A crise da década de
80 assinalou a exaustão do modelo brasileiro de substituição de
importações (política que visava a fortalecer a indústria brasileira
através da proibição da entrada de certos produtos manufaturados
estrangeiros), o que contribuiu para a abertura comercial do País.

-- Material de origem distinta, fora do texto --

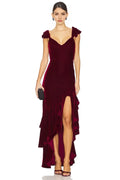 Stylish Mermaid V Neck Ruffle Strap Tiered Ruffle Hem Floor Length Evening Dress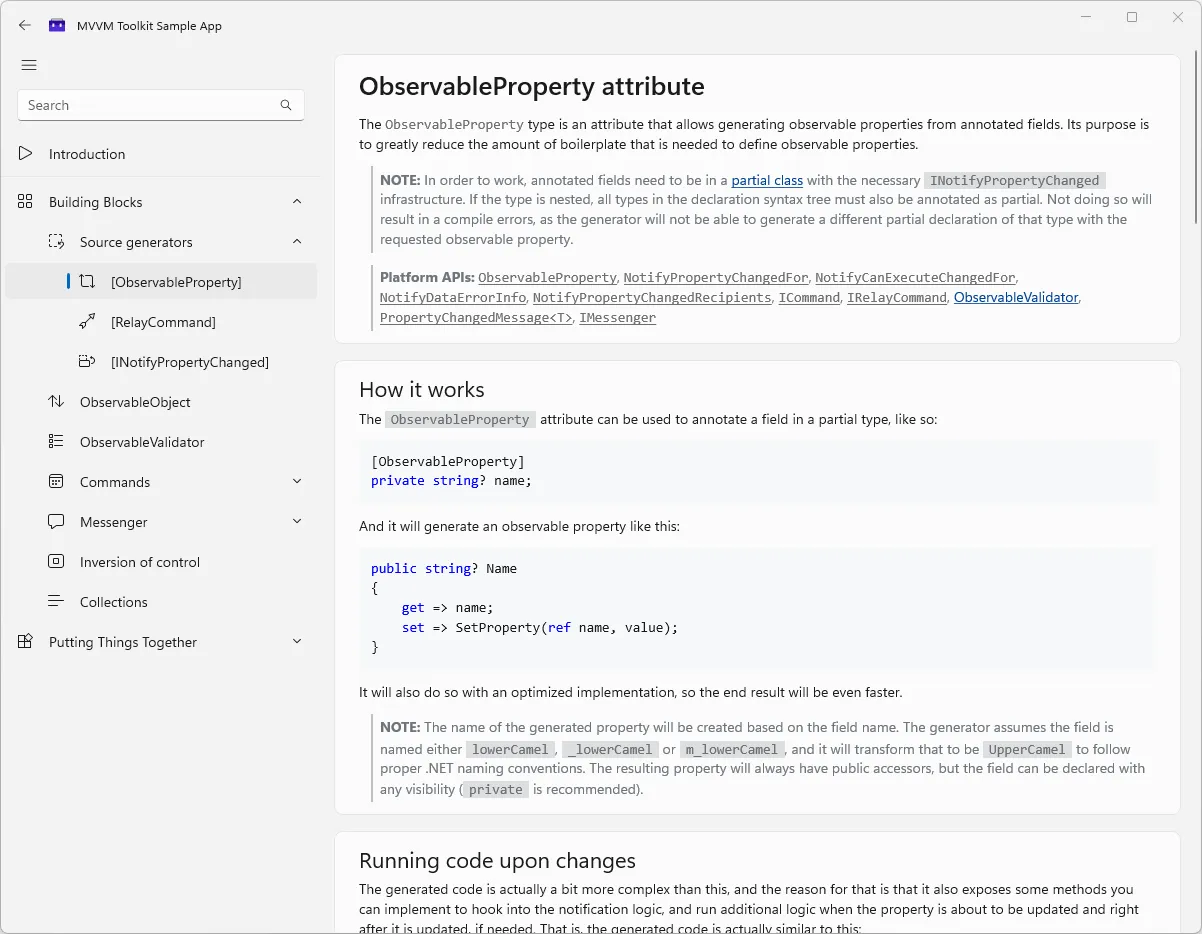 MVVM Toolkit Sample AppでObservableProperty属性の解説と生成されるプロパティのコード例を表示している画面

No início dos anos 90, a política econômica brasileira concentrou-se
em três áreas principais: (1) estabilização econômica; (2) mudança
de uma situação de protecionismo em direção a uma economia mais
aberta, voltada para o mercado; e (3) normalização das relações com
a comunidade financeira internacional. No que se refere ao primeiro
item, foi adotada estrita disciplina fiscal, que incluía reforma
tributária e medidas que viessem a evitar a evasão fiscal,
desregulamentação e privatização, além da redução do controle de
preços, o que ocorreu em 1992, com o objetivo de estabelecer uma
verdadeira economia de mercado, eliminando-o por completo em 1993.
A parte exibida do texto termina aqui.